# Peugeot Boxer Tyre Pressures



## Curtisden

From new the Autocruise Starspirit (Swift Sundance 480) MH has had a harsh ride so today I checked the Axle weights or tried. 
Both Ramps I tried had ramps up on and down off, so I was not too sure how accurate they were. But it came out as a overall 3180Kg with a full load and full tank of fresh water. 1360Kg front and 1820Kg rear. Seems low?
On contacting Continental tyres re the 215/70 R15 CP that are fitted i was rather surprised that they advised 3 Bar front and 4.75 Bar rear. A long way away from 5 bar front and 5.5 Bar rear.
3 Bar front seems very low compared to the 5 on the van sticker. So I set them to 3.5 Bar for now.
Any input welcome?
Peter


----------



## EJB

My AT Tracker, with similar weights, is recommended by Michelin at 50PSI front and 55PSI rear.....been OK for 5 years!
I believe that some tyre manufacturers are now saying 80PSI for the rear tyres which is the normal FIAT etc recommendation for white van man.
I'll stick to a comfortable ride :wink:


----------



## 747

Who blew them up to 5 and 5.5 Bar in the first place?

I had a MWB Peugeot of a similar weight to yours and it was a death trap when it left the dealers with 80 psi in all tyres.
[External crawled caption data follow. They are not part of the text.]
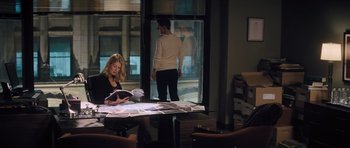 Movie still from “Jack Reacher” (2012), directed by Christopher McQuarrie – A woman sitting at a table reading a book; Wide shot, High angle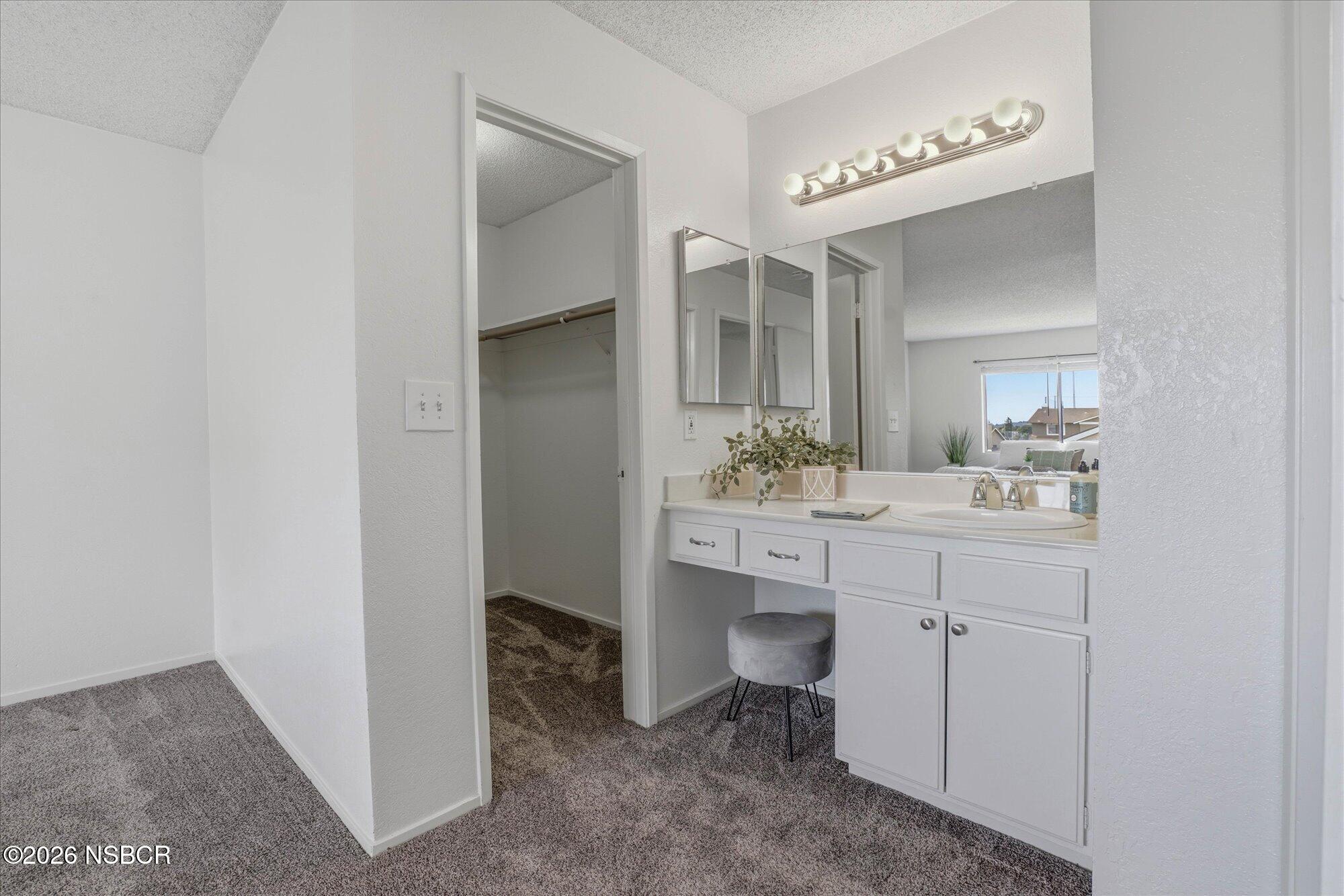 1192 Sumner Place, Unit D Santa Maria, CA 93455 - Photo 11 of 18 a bathroom with a double vanity sink and a mirror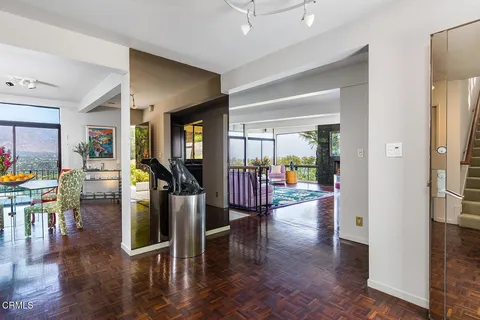 a view of a hallway with wooden floor windows and livingroom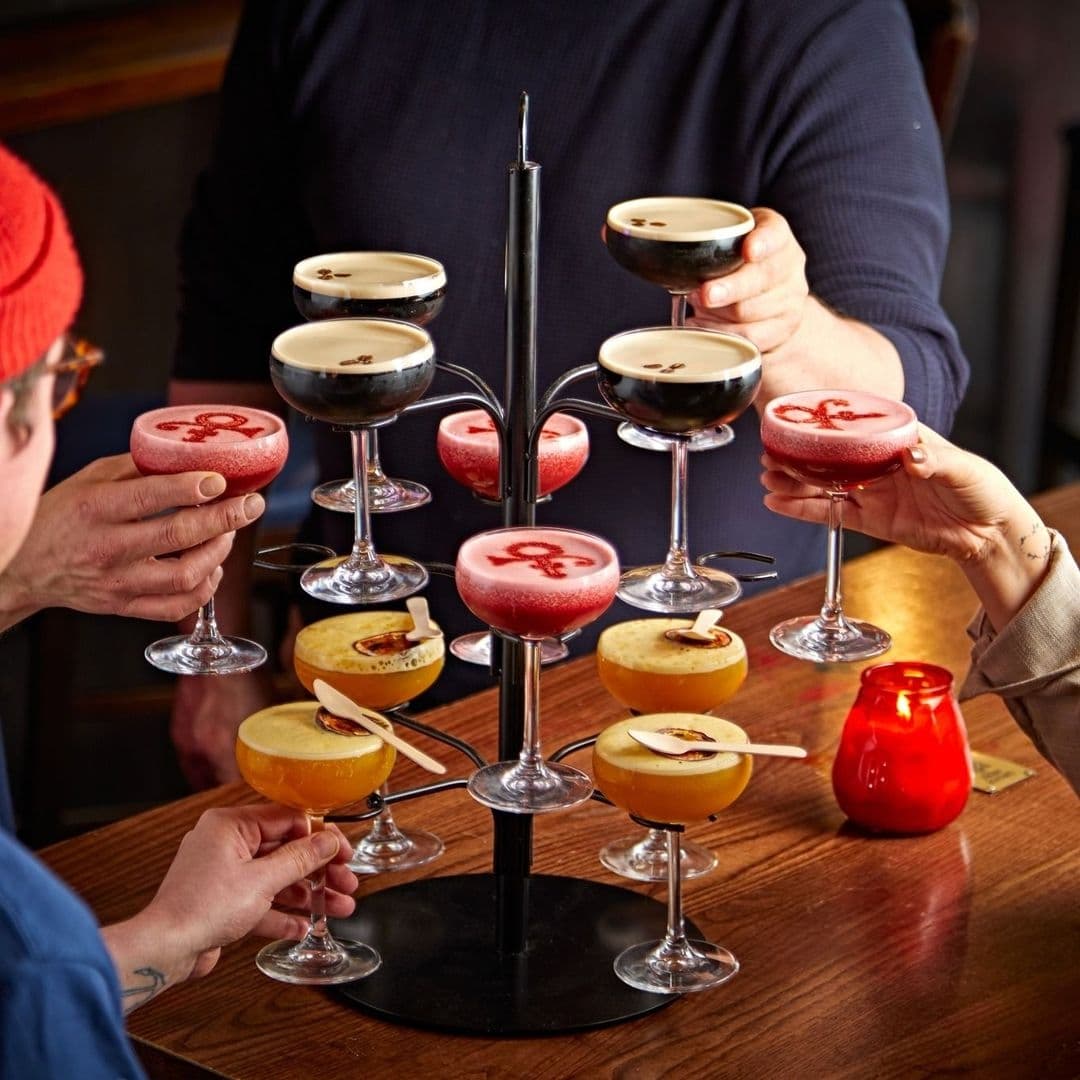 Patrons enjoying a variety of cocktails on a multi-tiered serving stand at MOJO.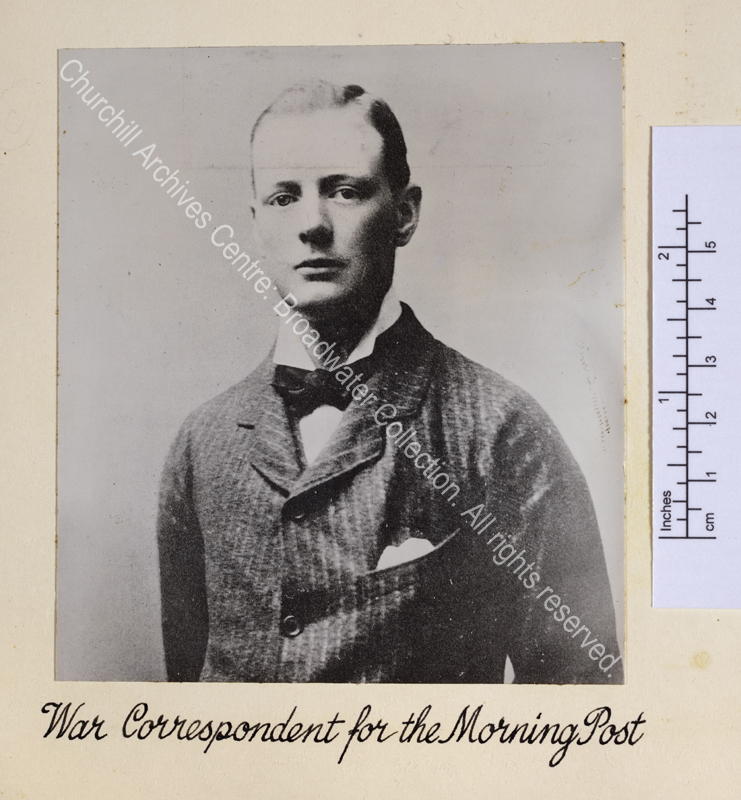 Head and shoulders portrait photograph of WSC wearing a pin-striped suit and a bow tie
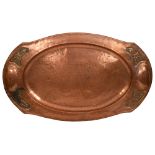 An Arts and Crafts hammered copper tray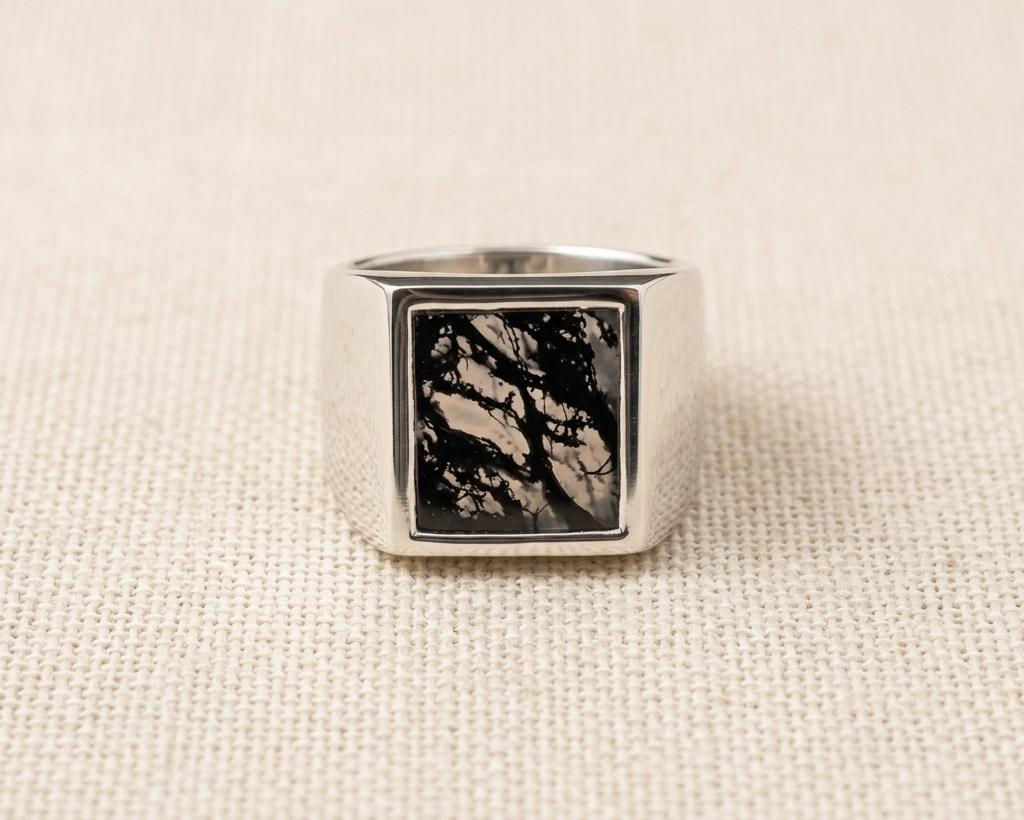 Polished sterling silver Scribe-style signet ring with a natural, unique moss agate stone panel featuring dark green dendritic inclusions, displayed on a light linen fabric. 
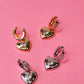 Club Serotonin Clear Jewel Heart Huggies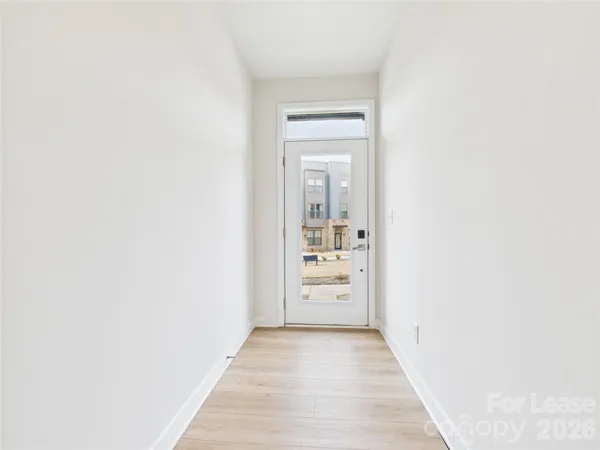 a view of a bedroom from the hallway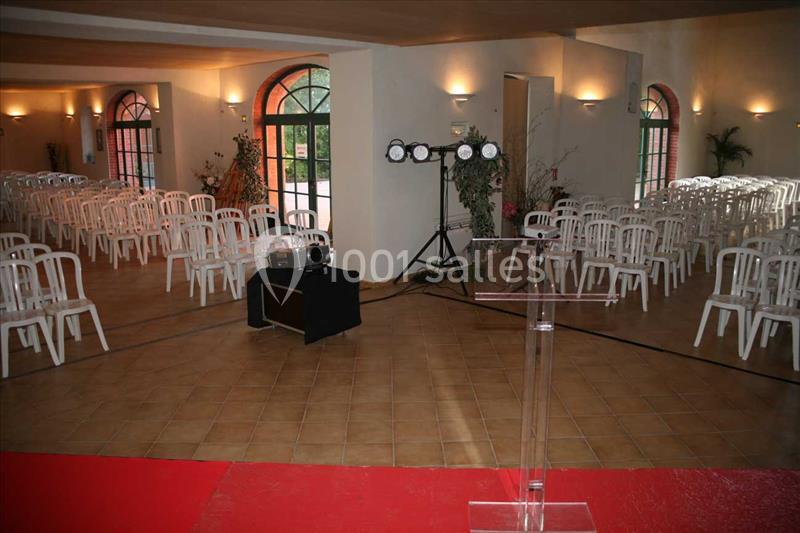 Salle lumineuse aménagée avec des rangées de chaises blanches, un pupitre transparent et un éclairage de scène.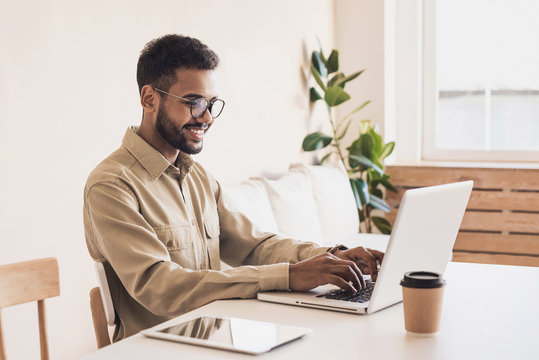 Men student working on computer. Businessman using laptop at home. Internet marketing, freelance work, online education concept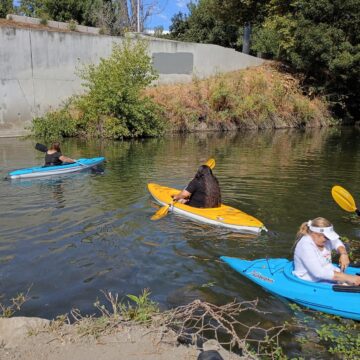 People in kayaks floating on a river in San Jose, California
Michelin gave me approximately the same figures as you were given.


----------



## dovtrams

I had my weights checked the asked continental. They came back with 50 and 60 (f and R). No problems until you go near a garage or a dealer, who just blow the tyres up to what is on the door 80psi. I am thinking of painting the number of the wheel arches.

dave


----------



## BrianJP

Hi if you want to, give me an Email address and I will send you the Conti Tech manual that gives all the info you want .(Its to bigto upload here)


----------